§ About this exercise
The answer is to be the data that follows, transcribed exactly, minus its pictures.

____

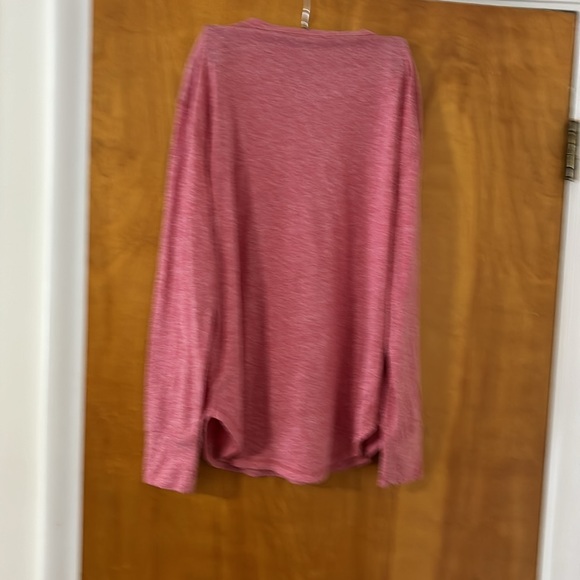Men’s HOLLISTER MUST-HAVE COLLECTION CREW NECK TEE, XS, long sleeve, pink&white - Picture 2 of 3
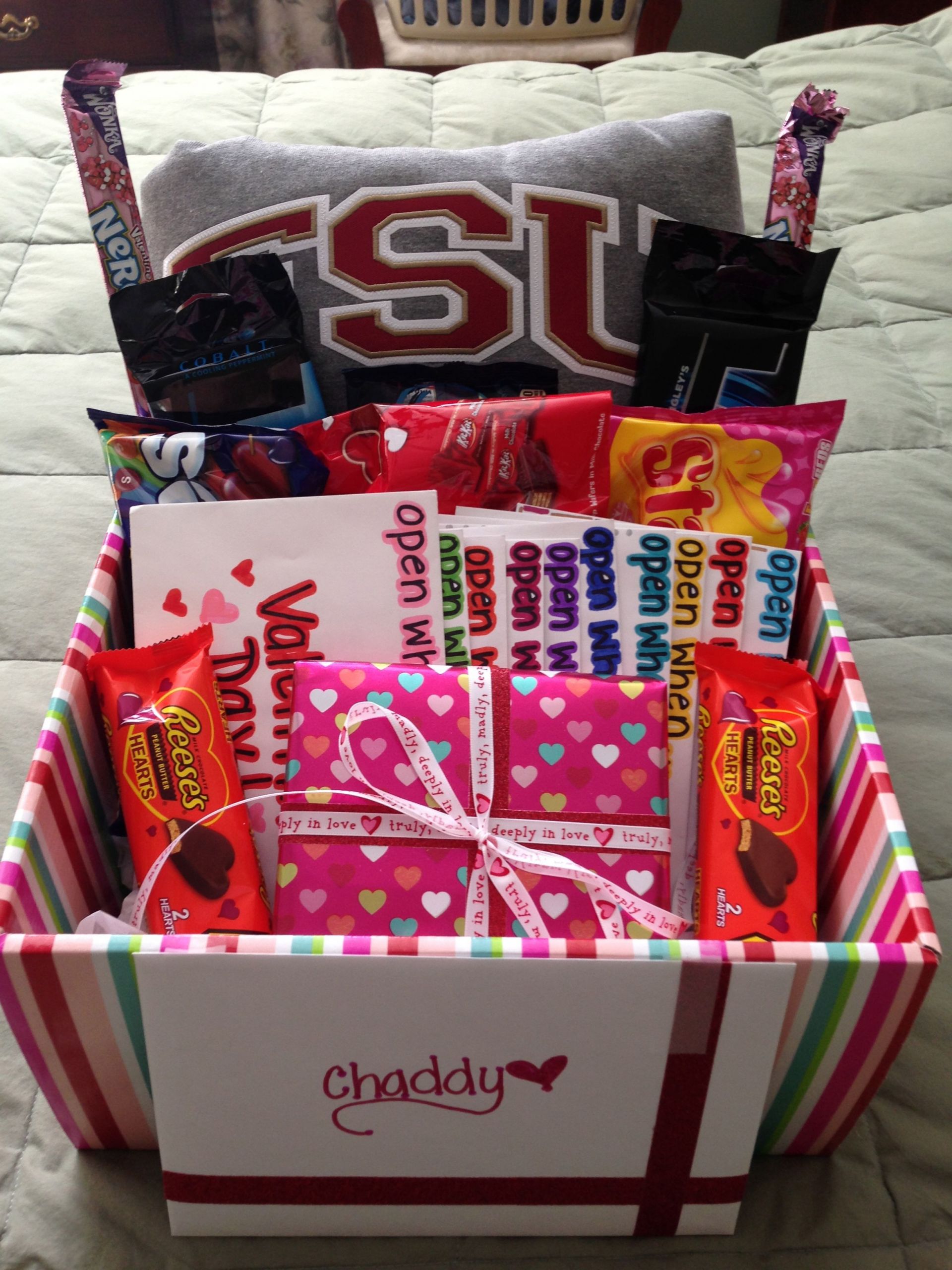 Gift Ideas Valentines Boyfriend
 valentines day t for him valentines day t basket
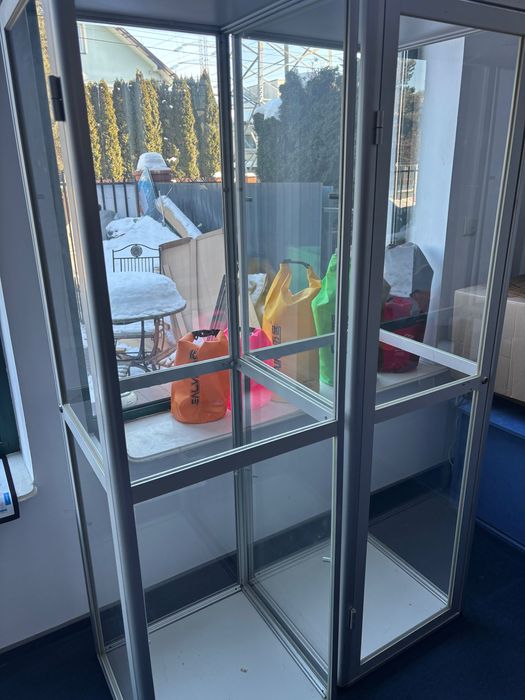 Witryna szafa regał przeszklona przeszklony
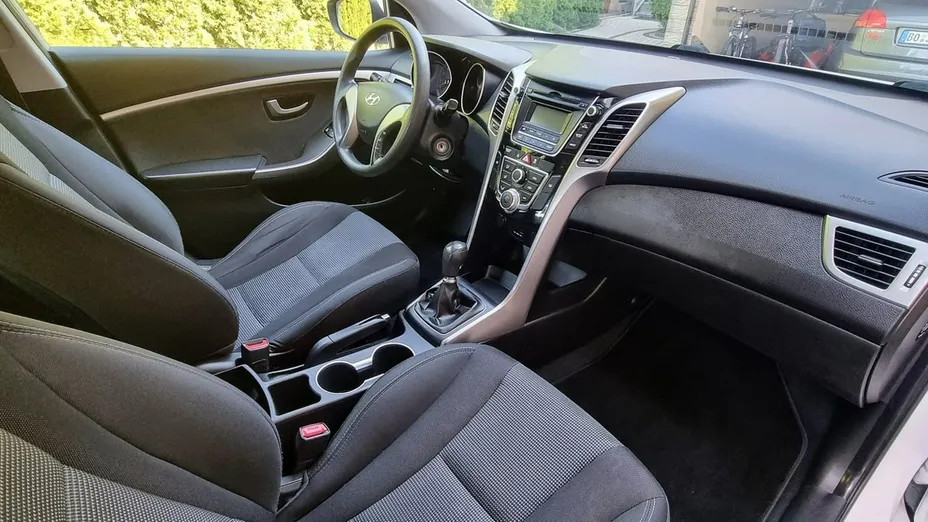 HYUNDAI i30 -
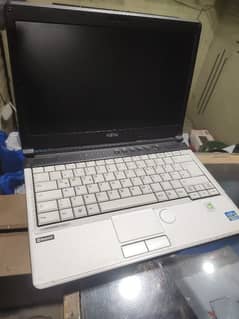 Fujitsu. corei5 2nd Gen. 03073783690. pkn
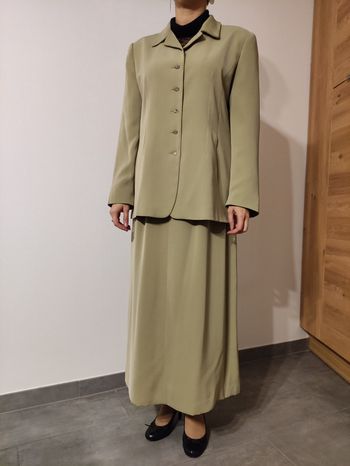 Ensemble tailleur jupe  longue et veste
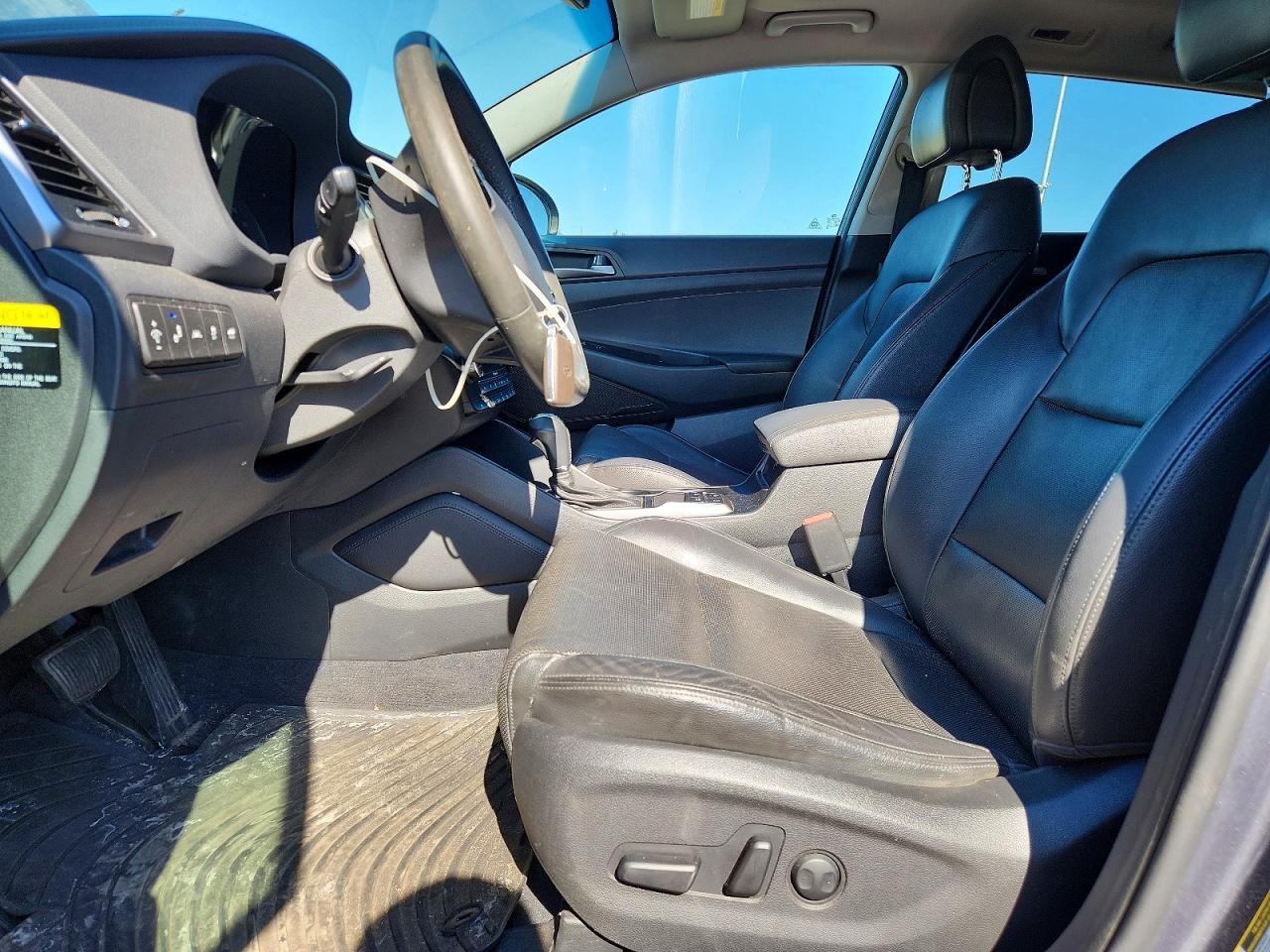 2016 HYUNDAI TUCSON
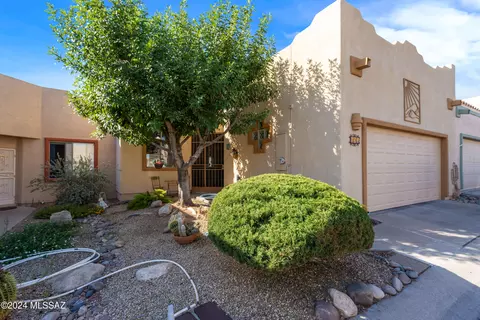 481 W Windham Blvd, Green Valley, AZ 85614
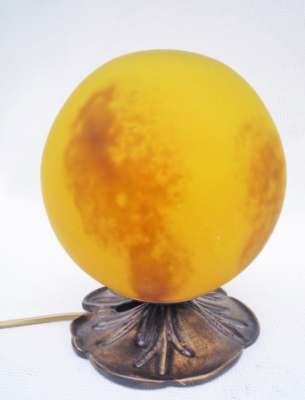 Lotus lamp ball 17 honey. Height 20 cm. Solid brass, glass paste - Lamps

____

§ The answer
Men’s HOLLISTER MUST-HAVE COLLECTION CREW NECK TEE, XS, long sleeve, pink&white - Picture 2 of 3
 Gift Ideas Valentines Boyfriend
 valentines day t for him valentines day t basket
 Witryna szafa regał przeszklona przeszklony
 HYUNDAI i30 -
 Fujitsu. corei5 2nd Gen. 03073783690. pkn
 Ensemble tailleur jupe  longue et veste
 2016 HYUNDAI TUCSON
 481 W Windham Blvd, Green Valley, AZ 85614
 Lotus lamp ball 17 honey. Height 20 cm. Solid brass, glass paste - Lamps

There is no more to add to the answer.